## TO DO
Set down, exactly and only, everything from the line containing "Vintage 1996 Santa's" down to the line containing "Nike Dunk Low" in the data below; the pictures are not part of the copy.

## AVAILABLE DATA

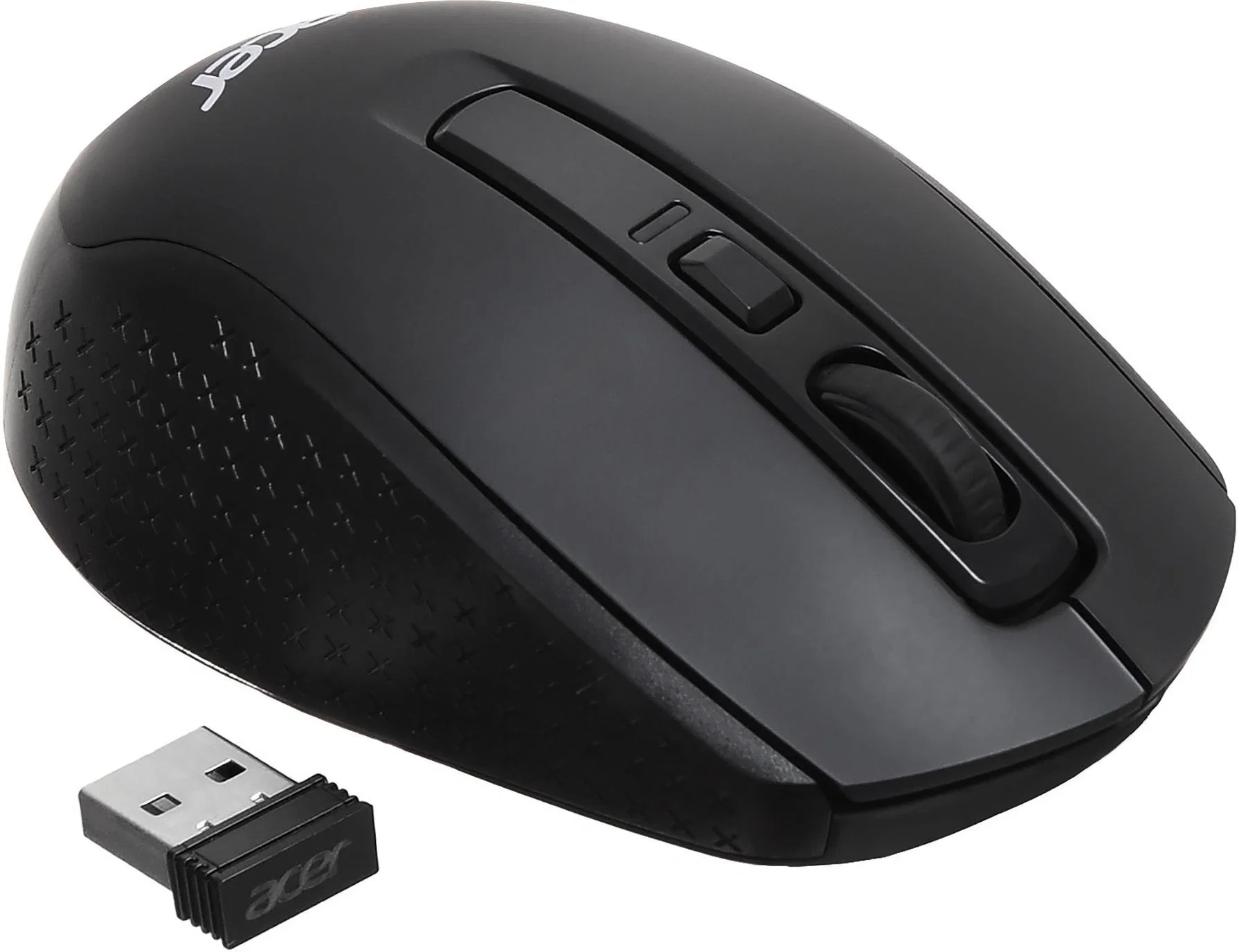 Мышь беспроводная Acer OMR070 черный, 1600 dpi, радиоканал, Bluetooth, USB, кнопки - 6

* * *

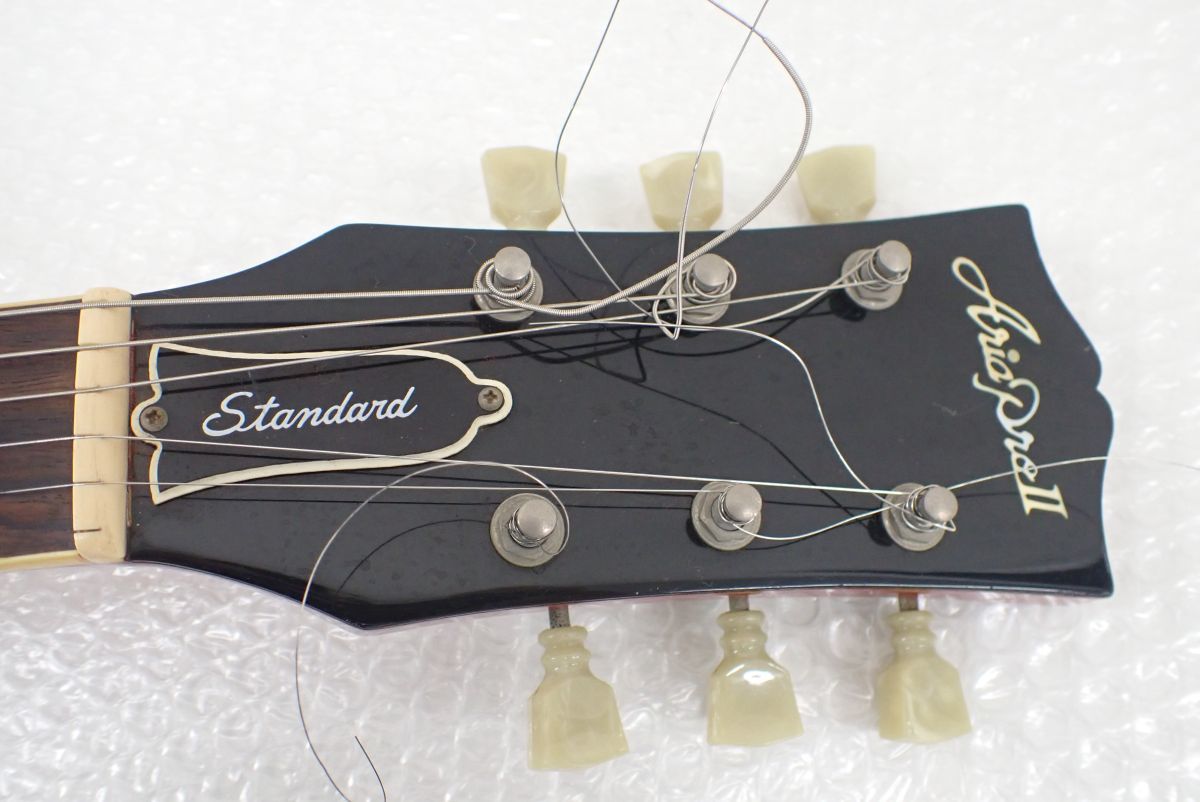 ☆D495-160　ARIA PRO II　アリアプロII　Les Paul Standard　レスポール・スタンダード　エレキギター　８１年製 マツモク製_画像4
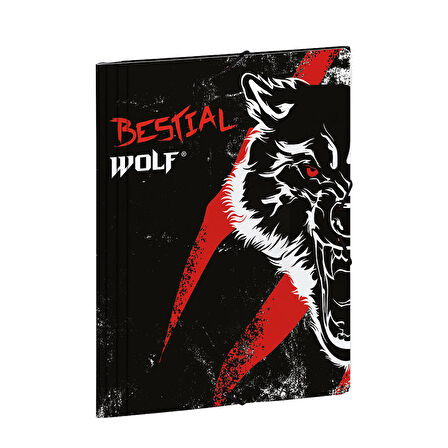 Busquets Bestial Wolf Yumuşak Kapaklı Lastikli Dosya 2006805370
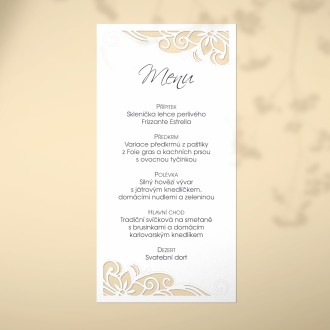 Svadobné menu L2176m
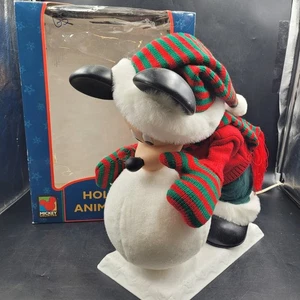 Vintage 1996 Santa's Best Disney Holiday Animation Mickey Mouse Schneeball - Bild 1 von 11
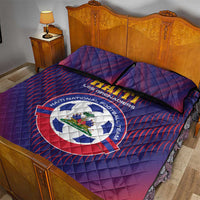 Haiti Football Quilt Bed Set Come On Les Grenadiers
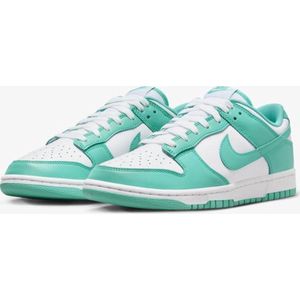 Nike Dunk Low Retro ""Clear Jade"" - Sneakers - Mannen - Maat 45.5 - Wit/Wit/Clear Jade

## ANSWER
 Vintage 1996 Santa's Best Disney Holiday Animation Mickey Mouse Schneeball - Bild 1 von 11
 Haiti Football Quilt Bed Set Come On Les Grenadiers
 Nike Dunk Low Retro ""Clear Jade"" - Sneakers - Mannen - Maat 45.5 - Wit/Wit/Clear Jade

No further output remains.